WHAT YOU NEED TO DO
Write out all the records exactly, and keep any images out.

[Image-caption web data]
____
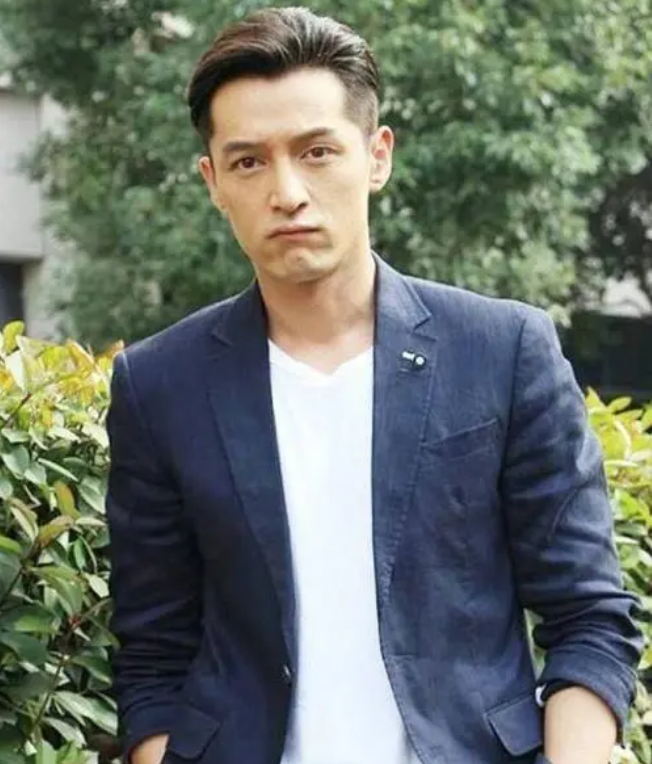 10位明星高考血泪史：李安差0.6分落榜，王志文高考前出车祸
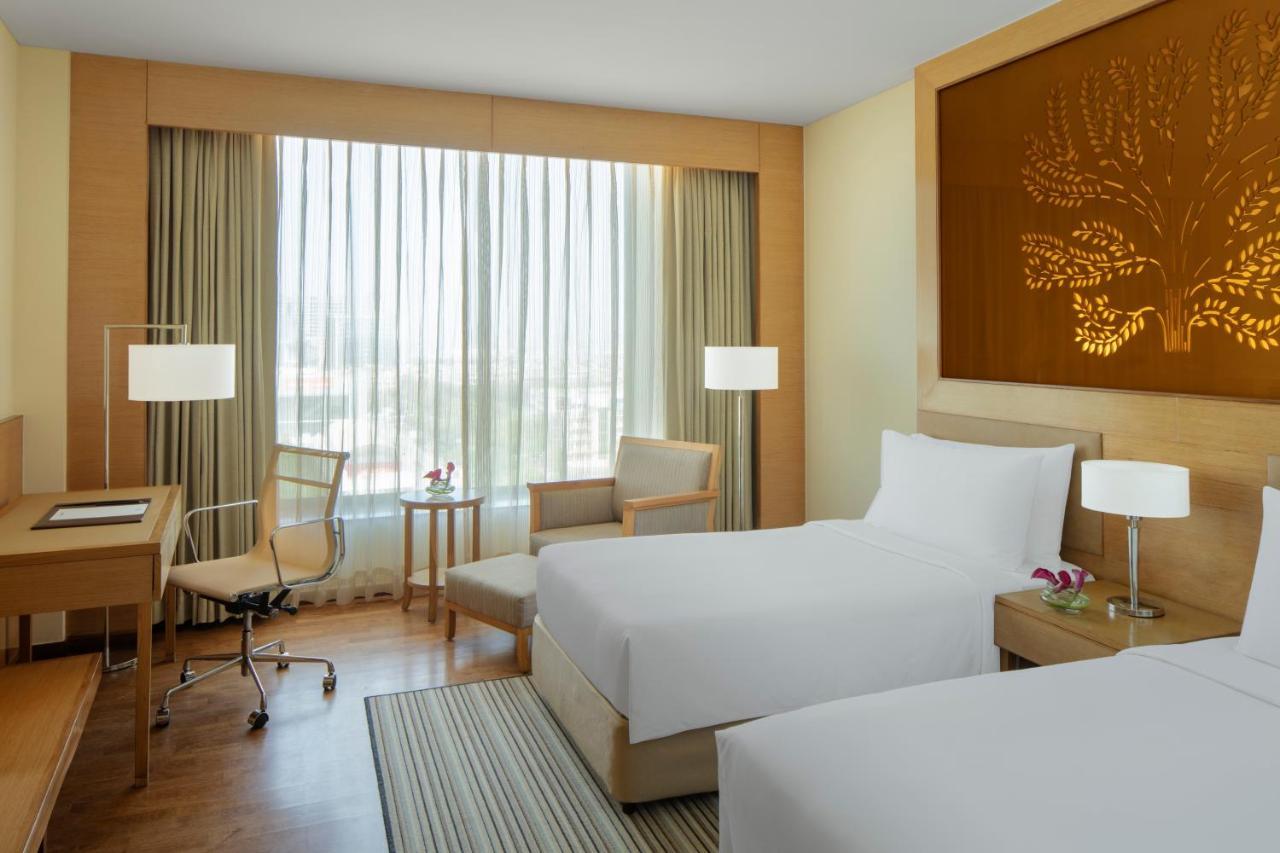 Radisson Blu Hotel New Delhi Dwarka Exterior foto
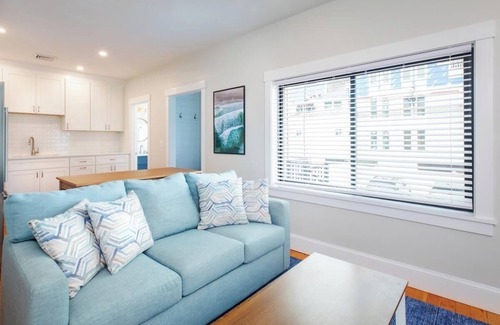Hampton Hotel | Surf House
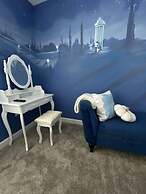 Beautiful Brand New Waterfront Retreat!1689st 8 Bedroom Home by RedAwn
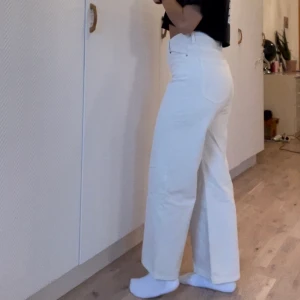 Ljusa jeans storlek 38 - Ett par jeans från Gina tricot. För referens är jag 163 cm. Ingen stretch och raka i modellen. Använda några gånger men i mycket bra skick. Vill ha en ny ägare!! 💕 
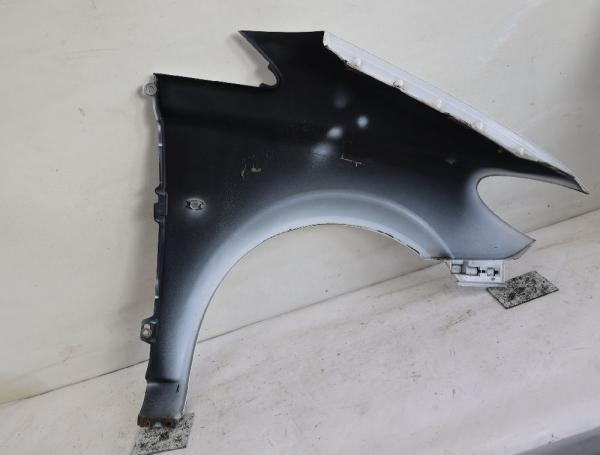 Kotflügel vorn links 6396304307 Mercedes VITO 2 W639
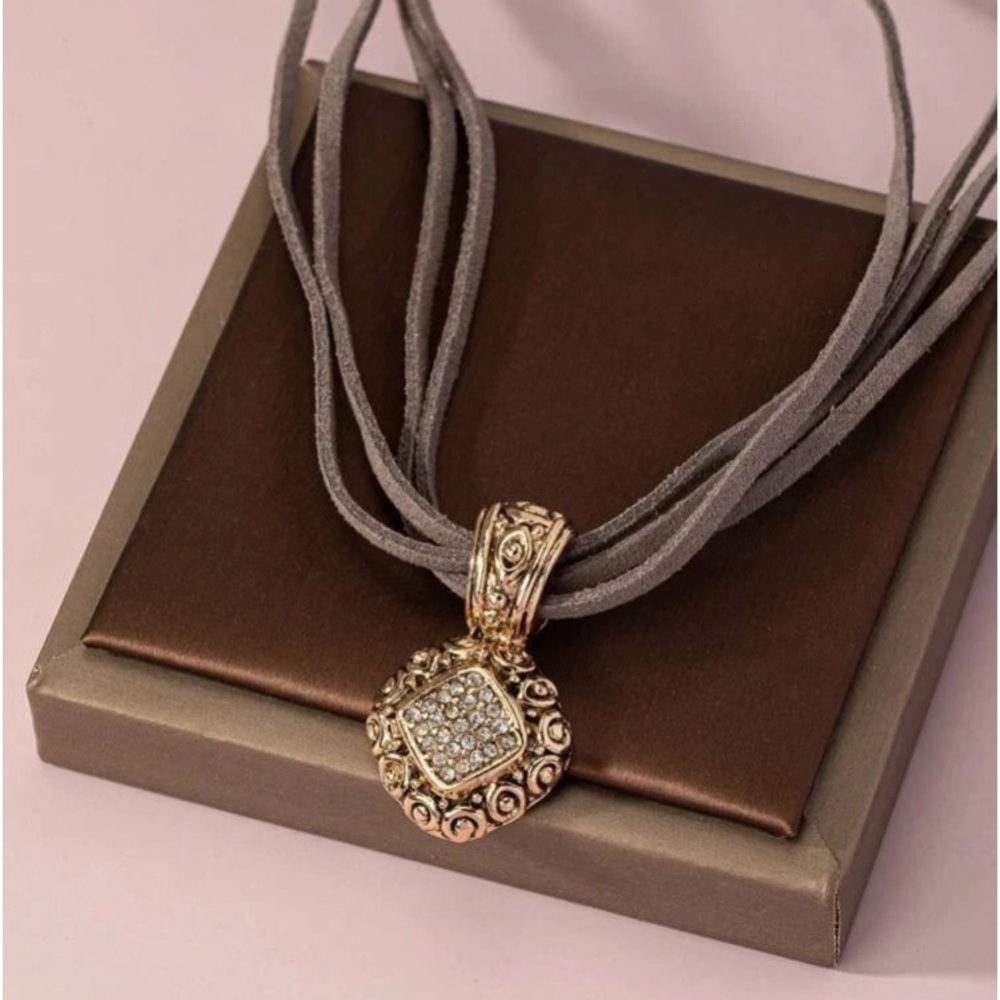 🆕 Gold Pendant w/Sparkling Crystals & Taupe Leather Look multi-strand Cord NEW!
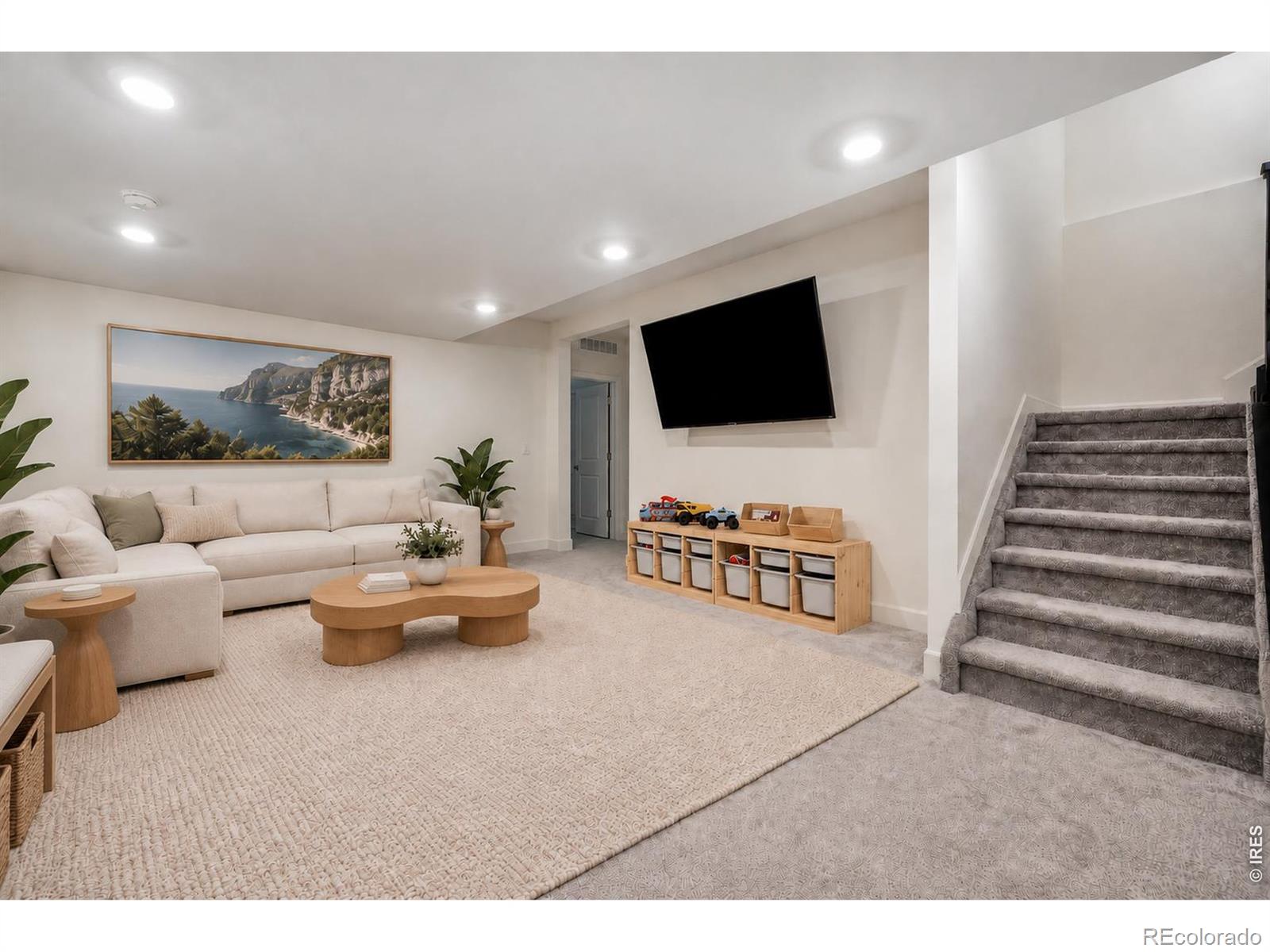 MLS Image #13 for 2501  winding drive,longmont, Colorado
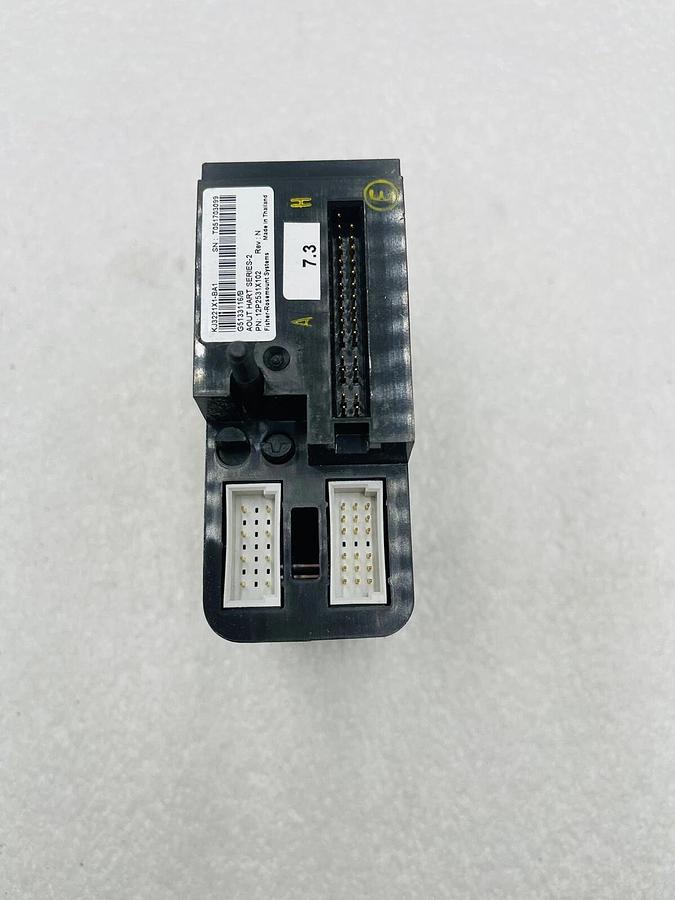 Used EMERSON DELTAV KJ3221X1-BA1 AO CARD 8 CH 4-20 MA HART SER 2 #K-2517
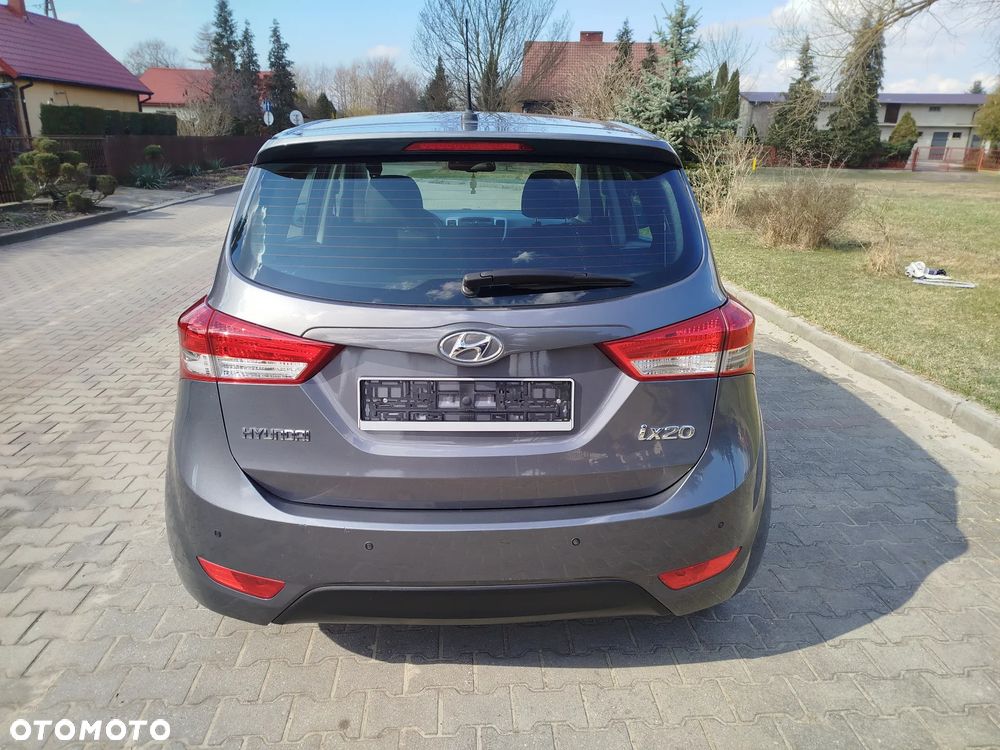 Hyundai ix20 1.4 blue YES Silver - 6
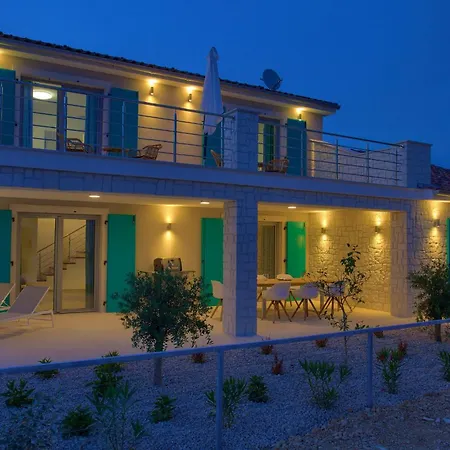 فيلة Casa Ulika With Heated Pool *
____
SOLUTION TO THIS EXERCISE
 10位明星高考血泪史：李安差0.6分落榜，王志文高考前出车祸
 Radisson Blu Hotel New Delhi Dwarka Exterior foto
Hampton Hotel | Surf House
 Beautiful Brand New Waterfront Retreat!1689st 8 Bedroom Home by RedAwn
 Ljusa jeans storlek 38 - Ett par jeans från Gina tricot. För referens är jag 163 cm. Ingen stretch och raka i modellen. Använda några gånger men i mycket bra skick. Vill ha en ny ägare!! 💕 
 Kotflügel vorn links 6396304307 Mercedes VITO 2 W639
 🆕 Gold Pendant w/Sparkling Crystals & Taupe Leather Look multi-strand Cord NEW!
 MLS Image #13 for 2501  winding drive,longmont, Colorado
 Used EMERSON DELTAV KJ3221X1-BA1 AO CARD 8 CH 4-20 MA HART SER 2 #K-2517
 Hyundai ix20 1.4 blue YES Silver - 6
 فيلة Casa Ulika With Heated Pool *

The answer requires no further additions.